Are we ready for real-world complexity and systemic understanding?
Almost everyday I am flabbergasted about the level of ignorance or ‘arrogance of ignorance’ we still display when trying to make sense of the world. One example is that we still trust ‘common sense’ or ‘intuition’ when we should have learnt, historically and scientifically, that these are the things least likely to make us understand what is really going on. For example the notion of ‘I’, as Francisco Varela explains (1999): "There are the different functions and components that combine and together produce a transient, nonlocalizable, relationally formed self, which nevertheless manifest itself as a perceivable entity ... we will never discover a neuron, a soul, or some core essence that constitutes the emergent self of Francisoc Varela or some other person."" (Capra/Luisi, 2014, 181)

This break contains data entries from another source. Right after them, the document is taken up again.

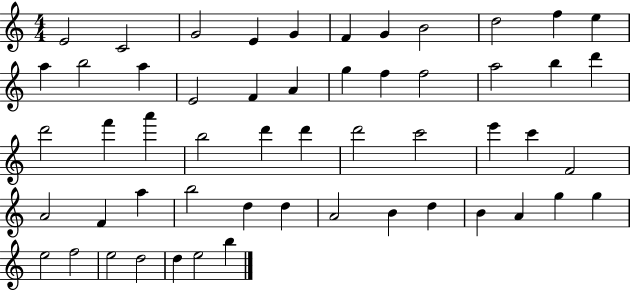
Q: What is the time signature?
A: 4/4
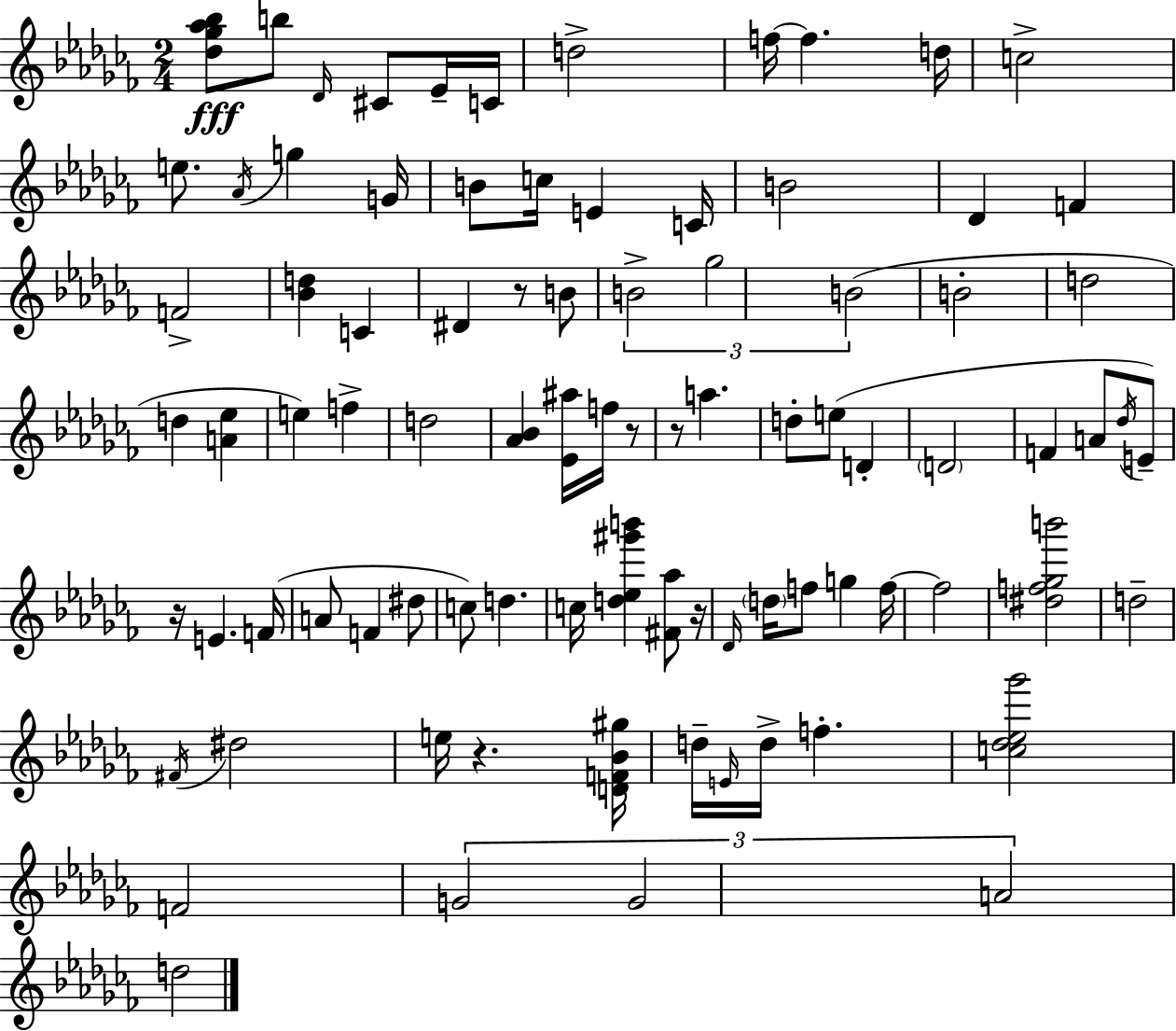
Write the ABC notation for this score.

X:1
T:Untitled
M:2/4
L:1/4
K:Abm
[_d_g_a_b]/2 b/2 _D/4 ^C/2 _E/4 C/4 d2 f/4 f d/4 c2 e/2 _A/4 g G/4 B/2 c/4 E C/4 B2 _D F F2 [_Bd] C ^D z/2 B/2 B2 _g2 B2 B2 d2 d [A_e] e f d2 [_A_B] [_E^a]/4 f/4 z/2 z/2 a d/2 e/2 D D2 F A/2 _d/4 E/2 z/4 E F/4 A/2 F ^d/2 c/2 d c/4 [d_e^g'b'] [^F_a]/2 z/4 _D/4 d/4 f/2 g f/4 f2 [^df_gb']2 d2 ^F/4 ^d2 e/4 z [DF_B^g]/4 d/4 E/4 d/4 f [c_d_e_g']2 F2 G2 G2 A2 d2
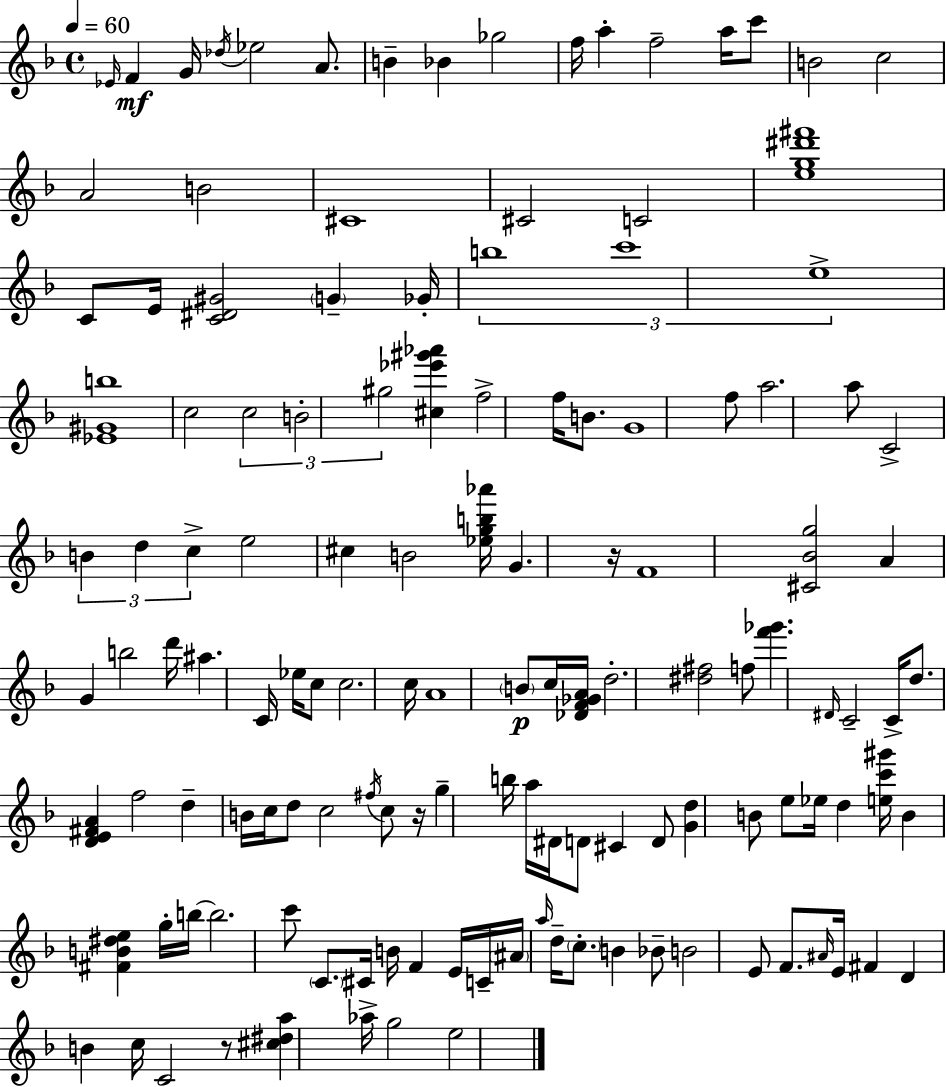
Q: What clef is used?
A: treble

Another one is this absurd idea that there are these ‘good’ emotions vice versa the ‘bad’ mind, particularly popular in so-called Eastern philosophy and religions like Buddhism. In yoga and meditation the mind is constantly vilified as the great distractor, yet in fact we are nothing, literally and simply not alive without our brain/mind. There is no emotion, not gut-feeling, no nothing without our brain processing the sensory information and actually producing an emotion. Or as Kristen A. Lindquist put it: “It goes without saying that the brain produces emotions—in this day and age, you’d have to be a pretty staunch dualist to argue otherwise. The big question that remains concerns how the brain creates emotions.“
As long as we still refuse to really let go of these dualistic, non-systemic approaches we will never even come close to an understanding of what is going on within and around us, let alone come up with solutions that actually deal with reality as opposed to some ideologically conceived notion of it.